The latest explainer from the Government Law Center at Albany Law School explores Supported Decision-Making and Supported Decision-Making Agreements, one of the recent developments in New York’s legislature.
In mid-May, the New York State Senate and Assembly passed legislative measures to enhance inclusion, access, and protections for New Yorkers living with disabilities. While still pending the signature of Governor Kathy Hochul, the legislation includes recognition of Supported Decision-Making Agreements. The package will, “strengthen and streamline resources, and correct historical tropes that are both harmful and inaccurate” to the disabled community, according to a press release from the State Senate.
In the explainer, Rose Mary Bailly – Special Consultant on Aging Law within the GLC – points out that anyone who has have ever sought advice on buying a car, a pair of running shoes, or even a jar of pasta sauce, has engaged in supported decision-making, without a second thought. Most New York adults are presumed to have the “legal capacity” to make decisions.
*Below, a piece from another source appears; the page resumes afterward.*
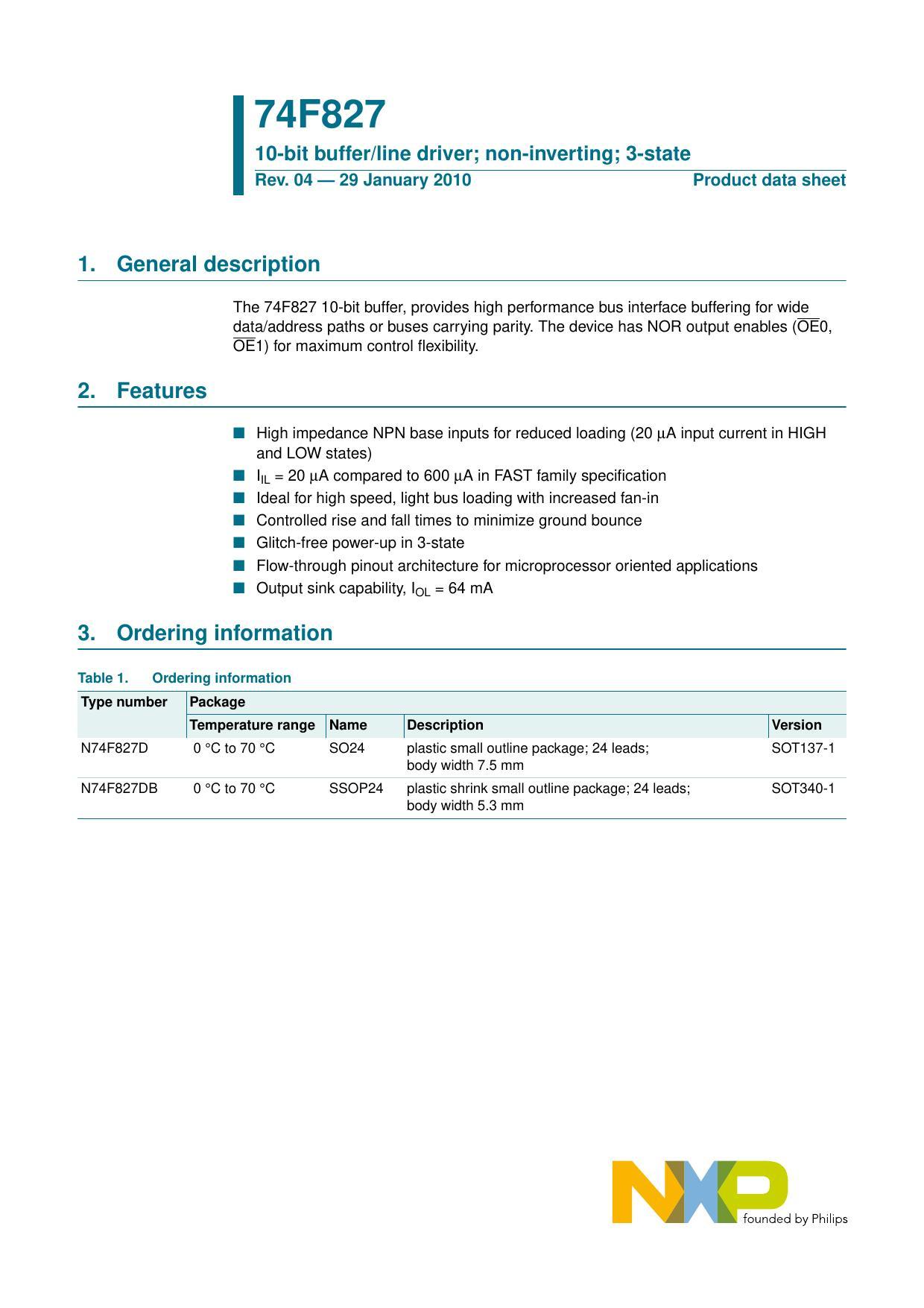 74f827-10-bit-bufferline-driver-non-inverting-3-state-datasheet.pdf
Legal capacity being “the capacity and power to engage in a particular undertaking or transaction, to maintain a particular status with another individual, and more in general to create, modify or extinguish legal relationships” and “have those decisions legally recognized,” Bailly wrote.
Individuals with developmental disabilities generally do not have this certainty.
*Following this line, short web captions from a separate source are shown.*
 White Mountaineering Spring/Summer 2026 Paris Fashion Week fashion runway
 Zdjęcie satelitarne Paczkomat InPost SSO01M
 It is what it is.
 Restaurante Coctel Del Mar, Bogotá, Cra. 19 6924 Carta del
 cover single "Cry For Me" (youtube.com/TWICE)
“By the time they reach 18 years of age, families are pressured by schools, physicians, service providers, and other parents to get guardianship notwithstanding the fact a guardianship may not be necessary, and that the loss of rights accompanying it is not well understood,” Bailly points out in the explainer. “Once a guardian is appointed for an individual, the guardian makes all the decisions and the individual is left without authority to make any decisions.”
“New York’s legislative recognition of supported decision-making is significant because it acknowledges the ability of individuals with disabilities to live independent lives, and avoid guardianship,” Bailly said. “Supported decision-making as well as decision-making alternatives to guardianship should be included as alternative options in New York’s developmental disabilities guardianship statute so that families and individuals with developmental disabilities are fully informed about their choices.”
The explainer is the latest in a series from the GLC that concisely map out the law that applies to important questions of public policy. The GLC has also created explainers on the federal Voting Rights Act, political redistricting in New York, immigration, aging, and policing policy.